Southeast Asian telcos are struggling to turn rising 5G adoption into stronger revenues, as faster networks are still being sold through older connectivity pricing models.

The gap is visible in Malaysia, where 5G penetration has reached 50% but stronger telco revenues have yet to follow. Prianca Ravichander, CCO and CMO of Tecnotree, said the issue is not the network itself, but the business model built around it.

“5G delivered speed, but it automatically didn't deliver revenue,” Ravichander said. Operators invested heavily in spectrum and infrastructure expecting new income streams, but many received “faster pipes carrying old business models.” More data traffic under the same pricing logic, she said, becomes “margin compression at scale.”

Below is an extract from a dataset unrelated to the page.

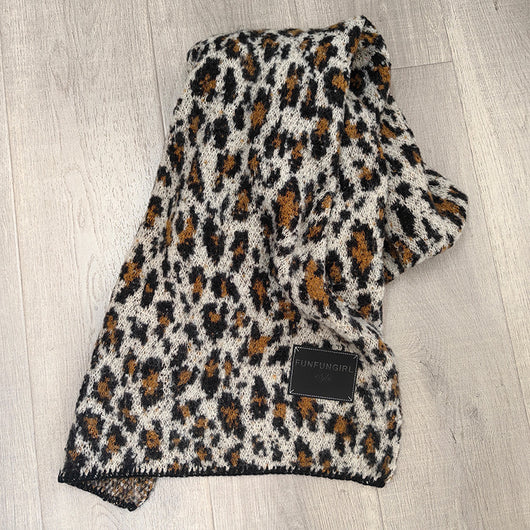Pañuelo Triangular Estampado Leopardo - Abrigo Versátil para Primavera y Otoño - Image 9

The pressure is made worse by hyperscalers and digital platforms capturing value on top of telecom infrastructure. “Telcos are actually funding the highways, but others are monetising the traffic,” Ravichander said.

Basic mobile and data services are no longer enough because connectivity has become a commodity. Customers are less focused on buying more gigabytes and more interested in outcomes, service quality and digital experiences. Ravichander said networks now support ultra-low latency, slicing and massive IoT, but operators are still selling larger data bundles.

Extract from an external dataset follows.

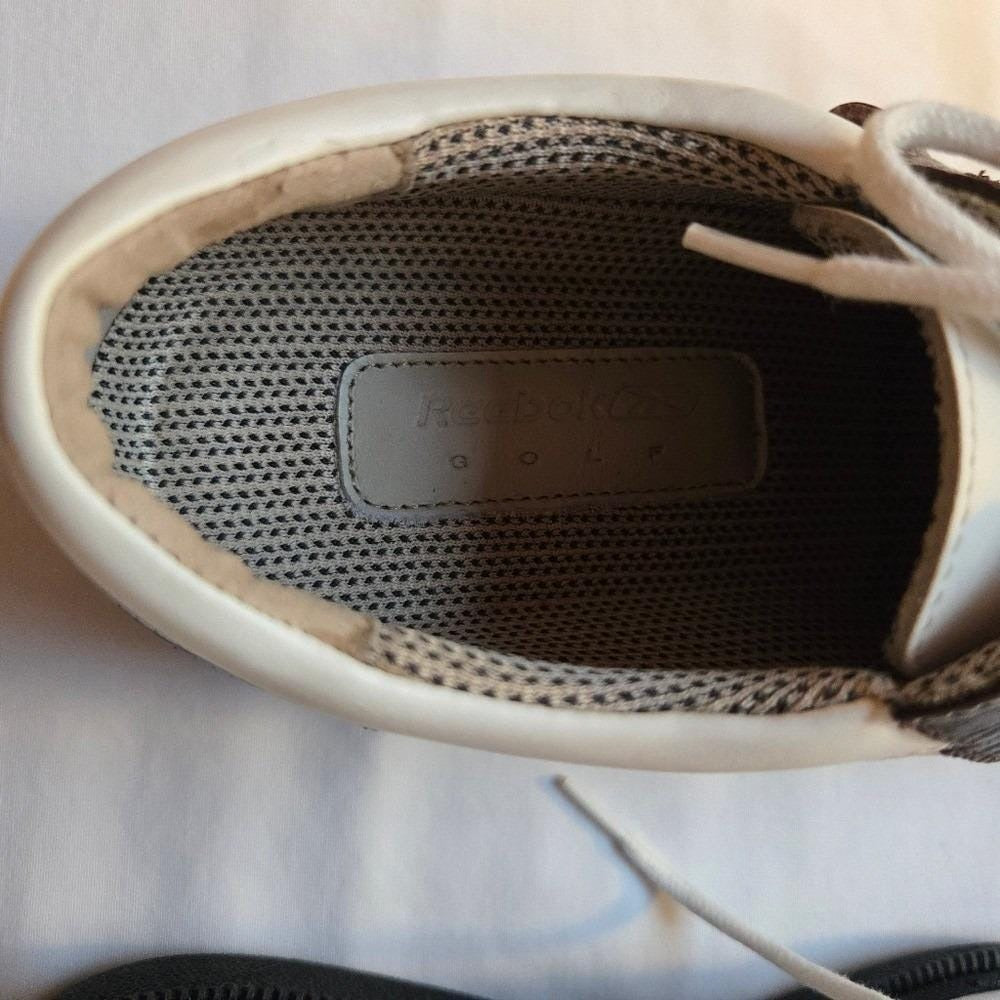 Women's Reebok Leather Golf shoes‎ - Size 7.5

To close the gap, telcos need to move from “plan, launch, and bill” models to “sense, predict, and earn” systems. AI can help operators predict customer needs, price offers dynamically and trigger them at the right moment.

Enterprise services could also create new revenue streams through SLA-based pricing, partner settlements, intelligent bundling, wholesale multi-tenancy, MVNOs and satellite-sharing models.

For Ravichander, the shift is not about selling more connectivity. It is about moving from subscriber and ARPU metrics towards marketplace-style models that capture more value from the networks telcos already fund.